Someone Finally Visits


On Thursday, I’ve been married for two months. See, I am a good husband; I remembered my anniversary—I bet my wife isn’t even aware of this, since she’s always busy with stupid science study groups (that’s an alliteration for my literary friends), which is where I’m at right now. Woo…anyway.

In those two months since we’ve moved to Arkadelphia—for those familiar with my former hometown, think Goobertown on steroids, really, really cheap steroids—we’ve received exactly two visits from the outside world: my parents and her parents. My friends and cousins have abandoned me, but who can blame them? I wouldn’t drive four hours either for an old married couple, a rundown apartment, and some critters.

However, we finally welcomed our first visitor this week. Well, we didn’t exactly welcome him, but we did have a foreign mass enter our domain. Here’s how the visit went down. I was playing Madden 09 on Wii online and my wife was doing homework on the couch. It’s about ten o’clock, I'm minding my own business, relaxing before bed (actually probably screaming at the top of my lungs—my wife says I morph when I play Madden), when I hear the doorknob rattling. Honestly, I thought the door was locked, my wife says it wasn’t, but the next thing I know I hear the door open and slam close. I paused my game, looked over at my wife—we just sat there. I could see a warped mass in a white shirt in our glass oven door.
"Hello."

At this point, I’m getting visions of Jack Nicholson splintering the door with an axe, sticking his face through the fractured panel and saying, “Here’s Johnny.” (If you don’t pick up on that reference, YouTube “Here’s Johnny.”) Anyway without a knife/baseball bat/pistol/large blunt object to bludgeon the “Hello” Guy with, I just continue listening and waiting for him to make the first move. One…two…three seconds pass, and the door opens and closes, again. With the intruder safely gone, I’m not frozen to my seat anymore, so I rush to the door and watch the “Hello" Guy nonchalantly stride ten feet across the hall and enter the adjacent apartment.

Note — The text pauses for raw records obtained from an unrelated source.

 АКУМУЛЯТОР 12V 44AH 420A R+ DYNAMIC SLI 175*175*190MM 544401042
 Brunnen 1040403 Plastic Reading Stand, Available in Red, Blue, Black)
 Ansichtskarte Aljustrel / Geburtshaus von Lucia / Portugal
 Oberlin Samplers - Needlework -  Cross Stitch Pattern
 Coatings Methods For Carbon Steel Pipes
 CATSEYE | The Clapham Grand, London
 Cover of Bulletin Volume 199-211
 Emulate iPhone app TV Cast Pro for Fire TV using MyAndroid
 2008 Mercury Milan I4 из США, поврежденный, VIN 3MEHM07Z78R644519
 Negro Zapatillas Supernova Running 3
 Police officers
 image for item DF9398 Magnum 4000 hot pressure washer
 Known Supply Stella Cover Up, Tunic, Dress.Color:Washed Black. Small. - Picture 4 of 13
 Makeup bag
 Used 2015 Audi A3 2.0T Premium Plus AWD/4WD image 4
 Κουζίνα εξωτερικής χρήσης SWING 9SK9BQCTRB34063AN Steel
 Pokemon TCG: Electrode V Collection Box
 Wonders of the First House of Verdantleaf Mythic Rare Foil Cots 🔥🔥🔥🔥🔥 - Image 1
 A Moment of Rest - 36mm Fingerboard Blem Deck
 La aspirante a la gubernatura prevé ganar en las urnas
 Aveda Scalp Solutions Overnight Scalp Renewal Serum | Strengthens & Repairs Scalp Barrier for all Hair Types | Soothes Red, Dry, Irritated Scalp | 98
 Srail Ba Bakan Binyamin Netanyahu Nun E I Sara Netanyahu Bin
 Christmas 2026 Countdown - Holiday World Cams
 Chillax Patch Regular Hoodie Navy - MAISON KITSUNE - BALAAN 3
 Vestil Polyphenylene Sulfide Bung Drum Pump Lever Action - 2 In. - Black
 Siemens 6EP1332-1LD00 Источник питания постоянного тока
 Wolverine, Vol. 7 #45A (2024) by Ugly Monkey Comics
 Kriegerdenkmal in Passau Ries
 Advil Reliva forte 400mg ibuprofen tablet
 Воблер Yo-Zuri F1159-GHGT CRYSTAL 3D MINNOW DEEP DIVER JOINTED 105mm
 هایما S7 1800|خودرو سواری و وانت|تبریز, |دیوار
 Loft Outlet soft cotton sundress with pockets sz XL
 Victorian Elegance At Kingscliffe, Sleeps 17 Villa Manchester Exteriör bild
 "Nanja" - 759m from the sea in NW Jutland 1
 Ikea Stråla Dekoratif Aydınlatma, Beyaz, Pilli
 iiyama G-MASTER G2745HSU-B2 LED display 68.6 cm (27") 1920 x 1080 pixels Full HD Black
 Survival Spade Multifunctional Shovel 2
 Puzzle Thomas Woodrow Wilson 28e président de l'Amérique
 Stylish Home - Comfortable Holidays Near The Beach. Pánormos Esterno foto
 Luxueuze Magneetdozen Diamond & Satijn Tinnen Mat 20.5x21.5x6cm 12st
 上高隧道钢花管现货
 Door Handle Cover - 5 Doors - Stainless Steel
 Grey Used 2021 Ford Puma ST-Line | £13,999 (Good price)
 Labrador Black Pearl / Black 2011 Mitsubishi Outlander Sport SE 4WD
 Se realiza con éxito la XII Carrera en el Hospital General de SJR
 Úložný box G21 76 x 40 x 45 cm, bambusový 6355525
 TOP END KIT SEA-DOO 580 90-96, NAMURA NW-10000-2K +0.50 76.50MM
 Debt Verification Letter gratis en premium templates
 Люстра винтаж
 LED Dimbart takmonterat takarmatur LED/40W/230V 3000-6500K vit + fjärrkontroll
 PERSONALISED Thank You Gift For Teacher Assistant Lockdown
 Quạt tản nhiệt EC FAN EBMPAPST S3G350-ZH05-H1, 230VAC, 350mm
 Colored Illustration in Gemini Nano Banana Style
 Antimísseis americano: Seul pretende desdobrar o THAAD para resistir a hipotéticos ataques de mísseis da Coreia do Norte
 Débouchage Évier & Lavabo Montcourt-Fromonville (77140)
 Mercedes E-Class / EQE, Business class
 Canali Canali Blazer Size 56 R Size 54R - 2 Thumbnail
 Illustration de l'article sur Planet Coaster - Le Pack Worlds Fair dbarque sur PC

OK…well, I really didn’t and still don’t know what to say. My wife suggests that maybe he was drunk (at a Christian college?!). Maybe he was being funny (or ignorant). Who knows. I can deduce the same amount of reason of the “Hello" Guy as I can going with my wife to water her beans. Yeah…

Comments

twhaynes said…
I would say his odds of being drunk at a Christian College may be just as high, if not higher, than at a public University. Especially since it's a Baptist school and he was trying to be incognito about it.

Glad you didn't get murdered.
Anonymous said…
Watering the beans wasn't that bad. And I think the poor idiot was just confused. Maybe he was visiting a friend and got the wrong door. Either way, it's not that big of a deal. We should have invited him in. Maybe he would have been your friend. :)
Anonymous said…
I'm thinking he was either drunk, walked into the wrong appartment by accident, or all of the above. Who knows. People are so weird sometimes.

Popular posts from this blog

It's Just a Little Puppy

There are a lot of things I said I  wouldn't  do in my life that  I've  done. I said that I  wouldn't  quit exercising regularly after I stopped playing sports, that I  wouldn't  be a hack writer all of my life, and that I  wouldn't  be working a part-time job at 27 with two useless college degrees. Luckily these are things I can still change. This weekend I will do something that I can’t undo. When my wife and I go home for Christmas, we will choose one of these four puppies: Having a dog  isn't  that big of a deal. Having a dog live IN my house is a big deal for me. You see, I like a neat and clean house. Being married and cleaning up after two people has required enough adjusting. A puppy living inside will challenge the very core of inner neat freak. I’m also allergic to a plethora of things. Dogs? I have no idea—I will find out shortly. With that in mind, here’s a list of things concerning my dog that ...

A Quarter-Life Crisis

I’m having a quarter-life crisis. It’s a real thing ( I think), and it’s becoming increasingly more relevant in our society as the stages of development continue to evolve—the stage of life between 18 and 25ish is now being called “arrested adulthood” or “emerging adulthood,” just to name a couple of theories. Children no longer leave home at 18 to find a job and start a family. Instead, after graduating high school, “pre-adults” (which is a stage that actually lasts longer, until 30 or so, according Kay Hymowitx) struggle with extended periods of schooling, relationships that have become convoluted because of technology, and an economy that makes it difficult to get started and find a path out of debt. Now we start our adult lives in our mid-to-late twenties, already cynical and disillusioned with the process. By the time we find a partner and a job, we immediately begin questioning if we’ve made the right choices. We ask ourselves if we wasted the last four (or seven or more) year...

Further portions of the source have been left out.